Dans le champ de la littérature, des écrivains comme Dostoïevski dans ‘Les Démons’, Anton Chekhov dans ‘Les trois sœurs’ et Emile Zola dans ‘Germinal’ firent le portrait, montrèrent et éventuellement dénoncèrent le danger de l’extrémisme du nihilisme. Dostoïevski constata la difficulté de concilier l’idée d’un Dieu bon et tout-puissant avec l’existence du mal; d’un autre côté, il constata aussi que l’athéisme occidental ne nie plus seulement Dieu, mais aussi le sens de la création, la raison d’être du monde et de la vie. Il écrivait que la justice humaine est incapable de porter remède au mal moral; et qu’elle est elle-même parfois un mécanisme producteur d’inhumanité. Dostoïevski en arriva à élucider, dans ‘Les Frères Karamazov’, que « si Dieu n’existe pas, tout est permis ». À ce sujet qui reviendra plus tard sera Albert Camus. Camus considérait que l’absurde naît du rejet du suicide et du maintien de cette confrontation désespérée entre l’interrogation humaine et le silence du monde. Pour Camus, sa conséquence est le renoncement à toute attribution métaphysique d’un sens transcendant à l’existence.
Dans le même registre, Franz Kafka, Céline ou Eugène Ionesco illustreront cette aliénation de l’individu occidental et son vide existentiel corseté. Ces contraintes permettent chez des artistes, comme chez les surréalistes, un dépassement symbolique.
Pour les nihilistes l’agir, le souffrir, le vouloir ou le sentir n’a aucun sens.
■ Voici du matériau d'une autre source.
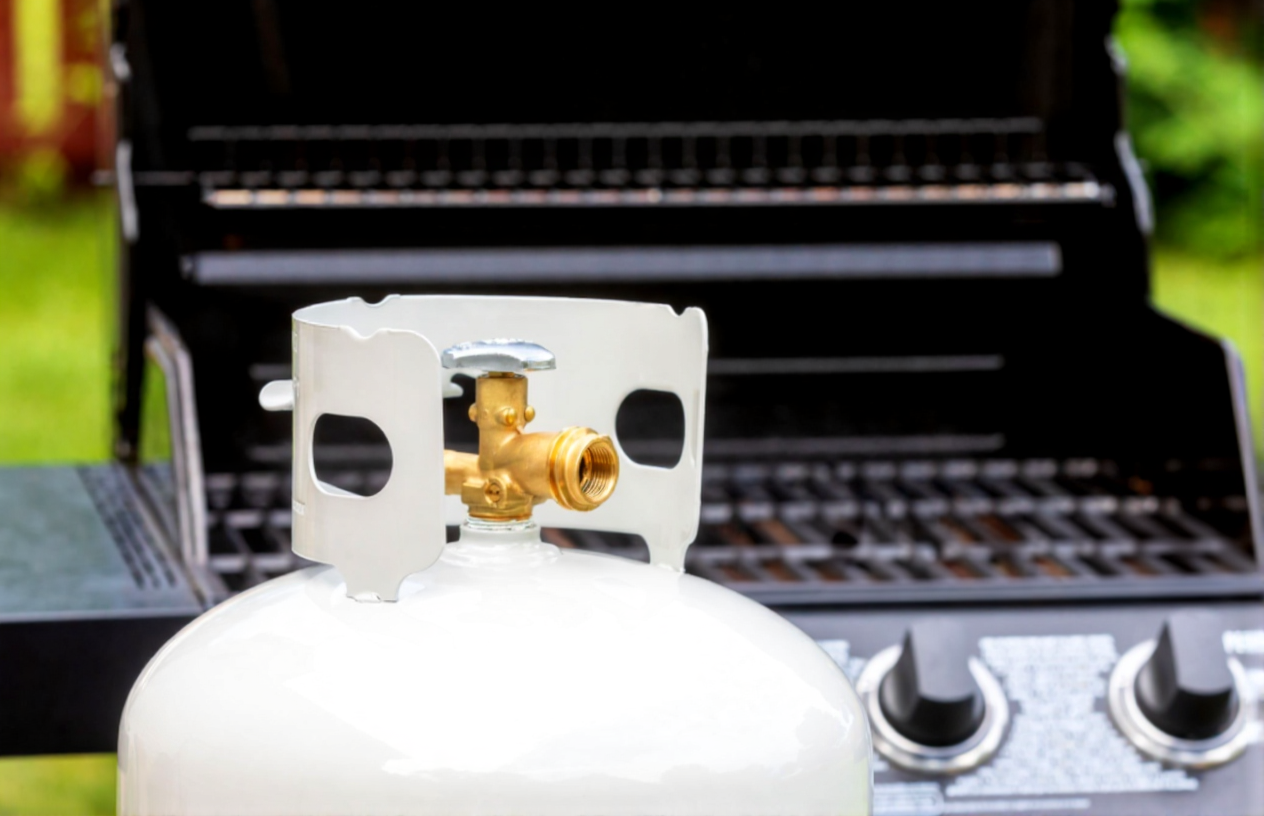 Close-up of a white propane tank valve in front of a black outdoor gas grill with control knobs.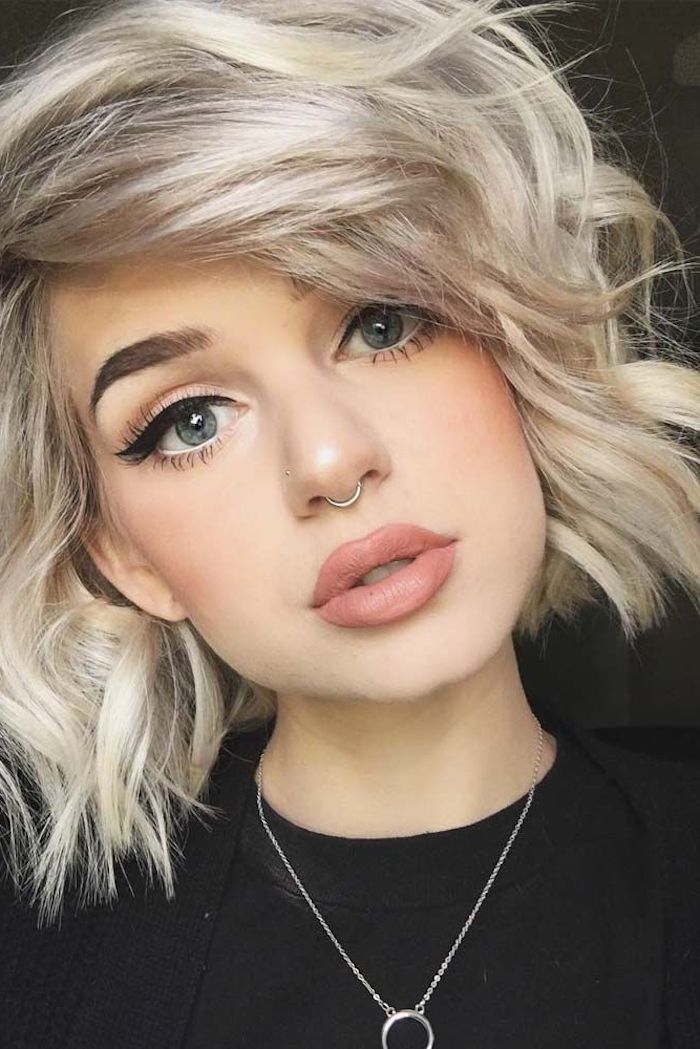 short sassy haircuts, curled platinum bob, with side bangs, on girl with bold black eyeliner, and matte lipstick in nude beige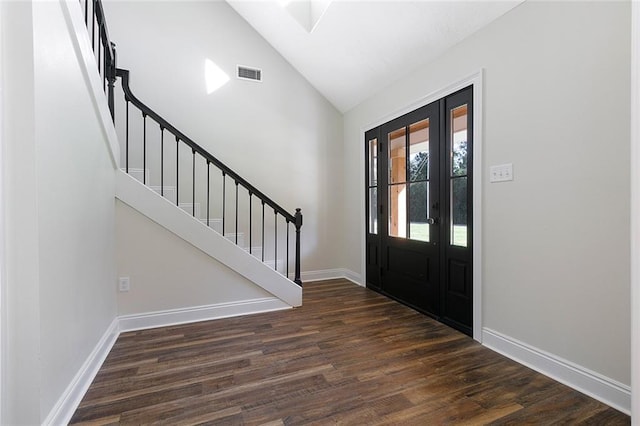 foyer featuring high vaulted ceiling and dark hardwood / wood-style flooring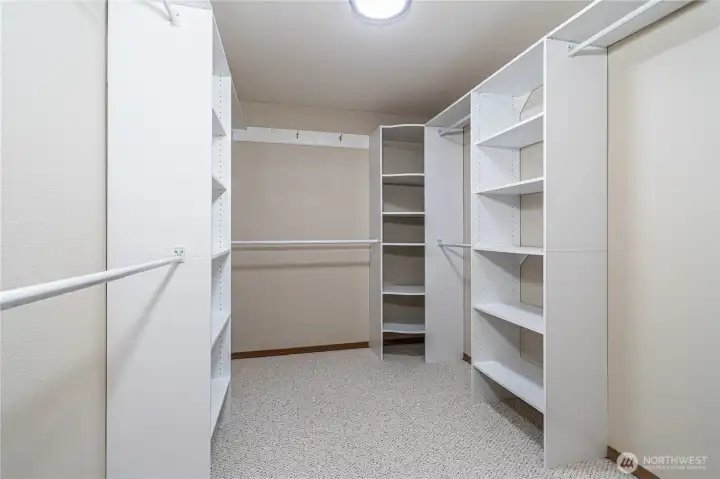Primary closet with new organizers.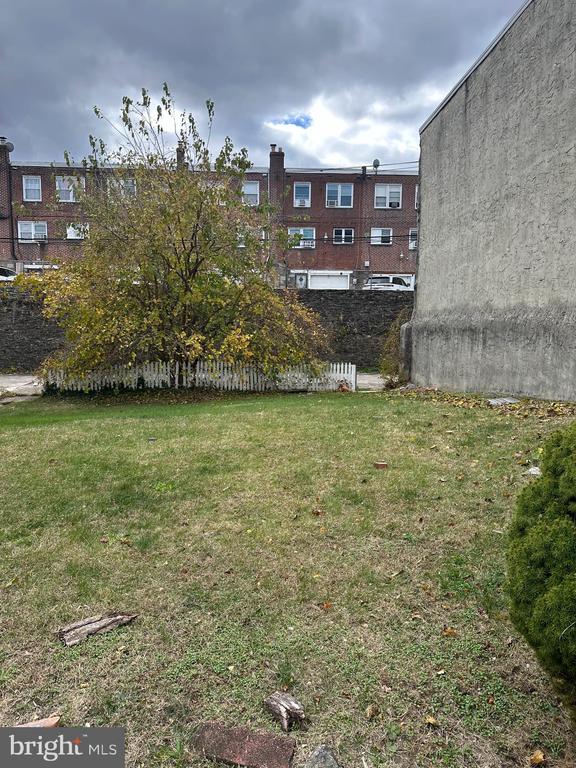 Grassy rear yard with a mature tree, short white fence, and neighboring brick rowhouses.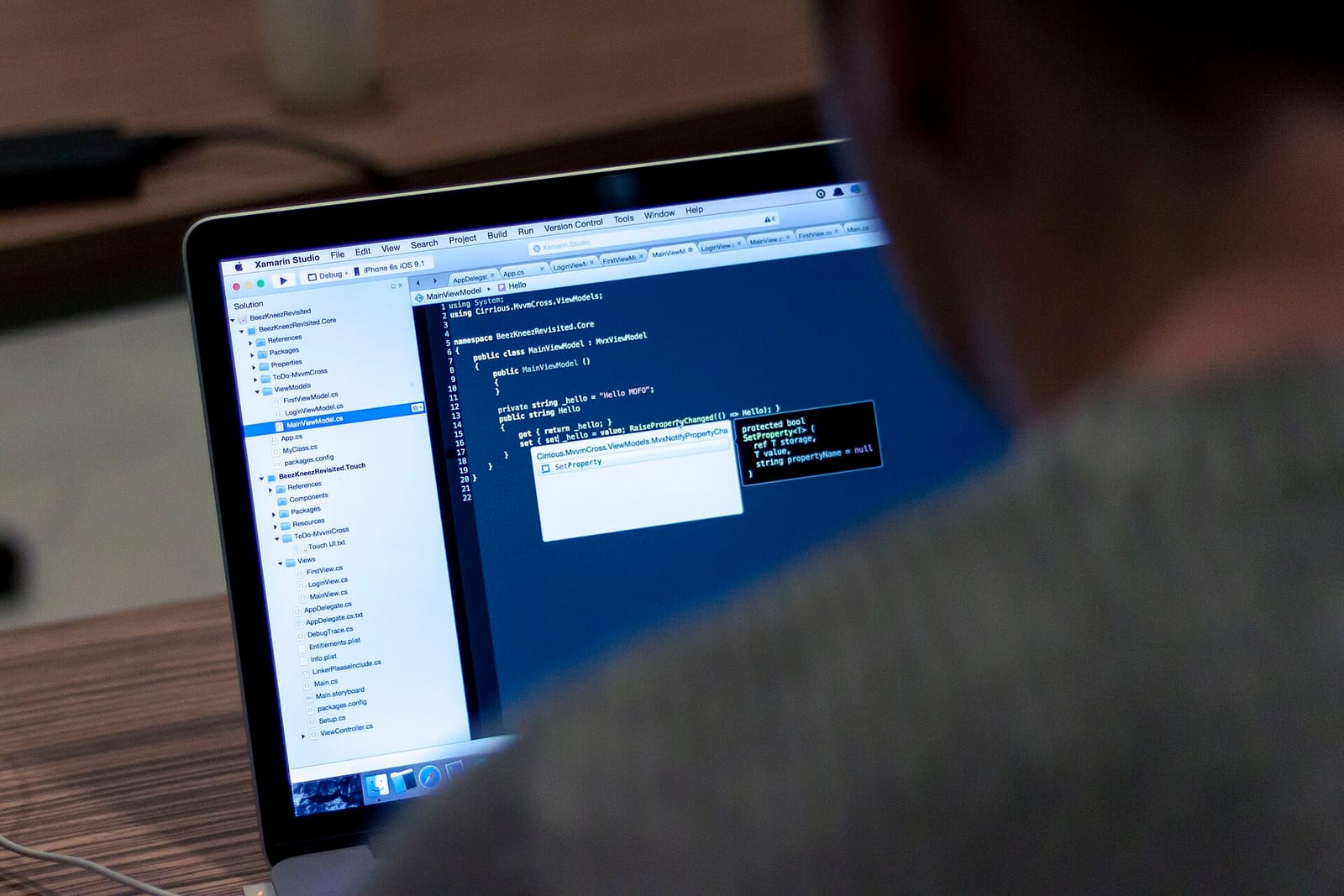 A developer seen from behind writing code on a laptop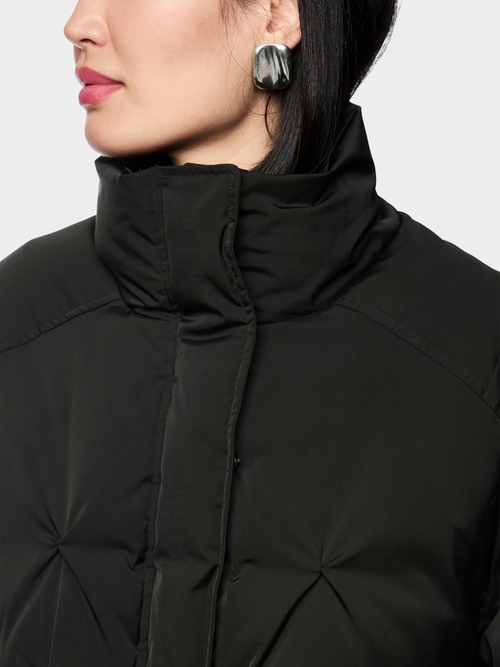 Veste matelassée en duvet avec bordure tricotée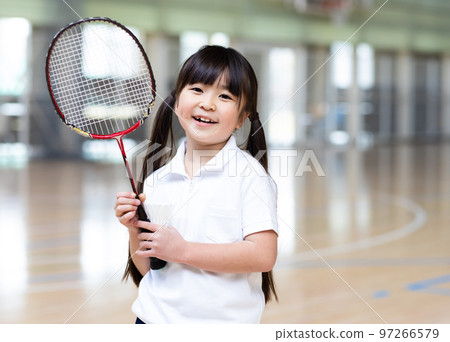 Children enjoying badminton 97266579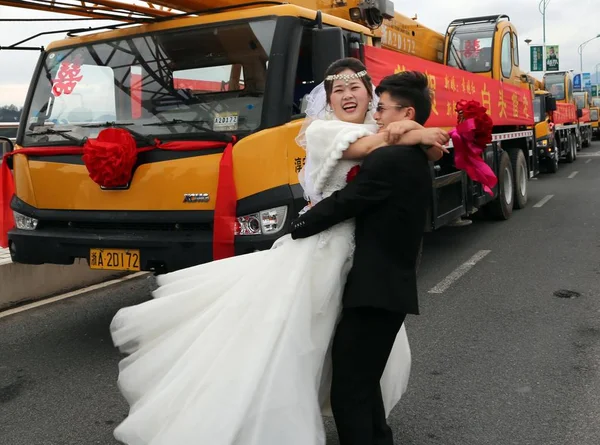 Китайский Жених Цзянцзянь Обнимает Свою Невесту Перед Кортежем Крановых Грузовиков — стоковое фото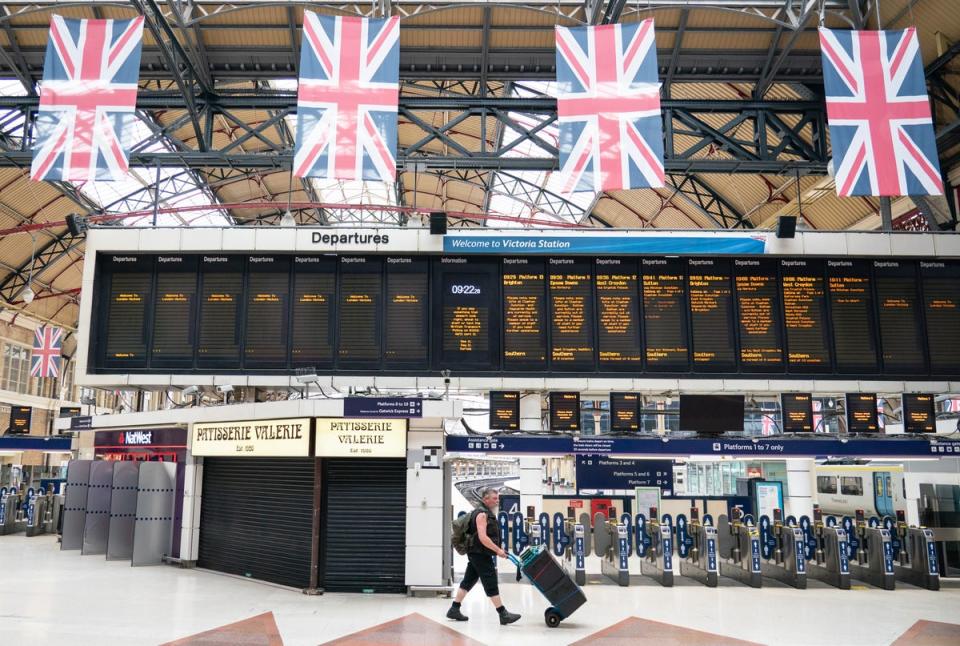 A man passes departure boards at Victoria station in London (Dominic Lipinski/PA) (PA Wire)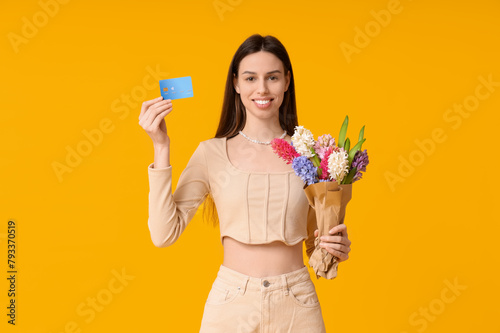Happy smiling young woman with bouquet of hyacinth flowers and credit card on...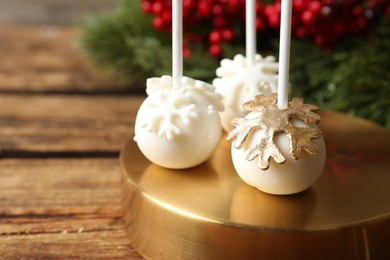 Delicious Christmas ball cake pops on wooden table, closeup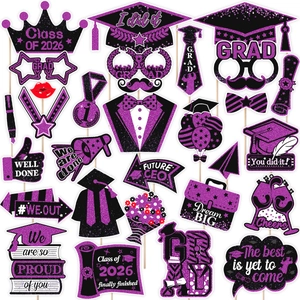 Detail of Class of 2026 graduation photo props in purple and black glitter style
Et évidemment, si l’agir ou le sentir non plus aucun sens, à quoi peut servir l’art et comment peut-on le produire? C’est pour cela que le dadaïsme et le surréalisme se considéreront comme des mouvements antiartistiques.
Un autre aspect dérivé de cette pensée est l’annulation de toute hiérarchie, et en matière d’art la négation de toute sorte de canon. S’il n’y a pas de hiérarchie, il ne peut pas y avoir de distinction entre artistes, et tout jugement sur la beauté est considérée subjectif. Pour les nihilistes il faut rejeter tout idéalisme, toute convention, parce que ne sont plus nécessaires ni les normes, ni les règles ni les lois.
Si la vie n’as pas de signification objective, ni des objectifs clairs ni une valeur qui lui soit consubstantielle, quel est le rôle et la valeur de l’art? L’art étant une expression de la vie, si celle-ci n’as pas de valeur consubstantielle, comment pourra-t-on en donner une à l’art? Si du point de vue épistémologique ou métaphysique, il n’y a pas de connaissance possible parce que la réalité n’existe plus, l’art devient quelque chose d’inutile.
Le nihilisme est l’scepticisme à la vitesse supérieure; il est le constat que l’intégtalité de l’espèce humaine est insignifiante; il est la négation de toute sorte de moralité et représente le refus de toute règle ou gouvernement. C’est à dire, à mon avis, la négation de la vie, de l’espoir de vivre et de la capacité à positiver la vie.
L’art ne devrait pas suivre des idées si dangereuses pour la beauté et la joie de vivre. Mais, malheureusement, je constate qu’il n’y a pas mal d’exemples d’un certain nihilisme artistique. Dommage, il est tellement mieux de croquer la vie avec les dents!